As a stimulant the principal use of alcohol is in connection with the heart. This, as we have just seen, is an important part of its action in fever. Of all remedies in threatening death by cardiac failure (syncope, fainting), spirits are the best, being at once available, convenient, rapid in their action, and almost invariably successful, if recovery be possible. For this purpose, brandy, whisky, etc., should be given either pure or only slightly diluted, by the stomach, bowel, or even under the skin. Hardly less valuable is alcohol, given continuously in small regular doses, in chronic disease of the heart, when natural hypertrophy fails and dilatation ensues.
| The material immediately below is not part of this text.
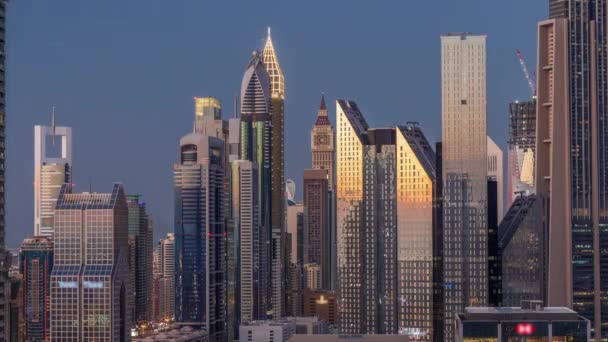 Légi kilátás új felhőkarcolók és magas épületek Dubai nap mint nap éjszaka időbeosztás — Stock videók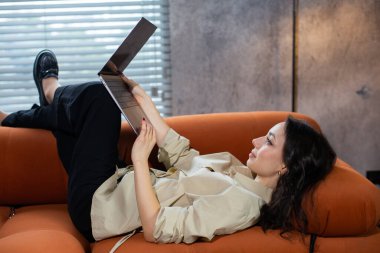 Genç blogcu internetteki yazısının başarılı olmasından memnun. Yazar metnini evdeki dizüstü bilgisayara yazar.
Wine, rectified spirit, or various tinctures, may be given in such cases.
In nervous depression alcohol must be ordered with the greatest hesitation. In melancholia, or in despondency begotten by grief, anxiety, suspense, over-work, excess, and especially by indulgence in alcohol itself, this drug affords only too ready relief, as also in neuralgia, hysteria, and allied disorders and sleeplessness; and the recommendation of it by the practitioner is frequently abused, being employed as a pretext for continued intemperance. In such cases the best rule is to order a definite amount of some weak alcoholic drink, such as ale or claret, at meal times only; but even this recommendation is by no means always safe. Severe pain, such as neuralgia, is often successfully relieved on the same principle. Some forms of sleeplessness are readily overcome by warm alcoholic draughts at bed-time, or malt liquors; but here again great discrimination is requisite in ordering the remedy.
Alcohol given in medicinal doses is, as we have seen, almost entirely oxydised in the system, only 16 percent. passing out unchanged, chiefly by the lungs, less by the kidneys, and least by the skin. This amount, however, includes ethereal and other complex bodies associated with alcohol in wines and spirits; and by far the greater part of the alcohol proper is excreted as carbonic acid and water.
The diuretic effects of spirits, wines, and especially gin and beer, are well known, and may sometimes be employed in medicine. The diaphoretic effect of alcohol and its applications have been already sufficiently discussed under fever.
Circumstances modifying the action and employment of alcohol. - The different alcoholic fluids act very differently, according to their strength; their other constituents, already enumerated; the presence of carbonic acid in them (sparkling drinks), which increases the rapidity of their action on the stomach and possibly of their absorption; the degree to which they are diluted with water; and the condition of the stomach as regards the presence of food. The age of the patient, the soundness of his kidneys and other eliminating organs, his habits as regards alcohol, and the amount of exercise which he can take, must also be carefully estimated in ordering the remedy. In conditions of waste and exhaustion, especially febrile states and after operations, large quantities (even 1 pint of brandy per diem) may sometimes be tolerated.
Alcohol Amylicum. Amylic Alcohol.
"Fousel Oil," C5H12O, with a small proportion of other spirituous substances.
Source. - Contained in the crude spirit produced by the fermentation of saccharine solutions with yeast, and separated in the rectification of such spirit.
Impurities. - Other aethereal substances; detected by specific gravity and boiling point.
Preparation. Sodae Valerianas. - See Valeriana Radix, page 272.
Amylic alcohol is used only to prepare Valerianate of Soda.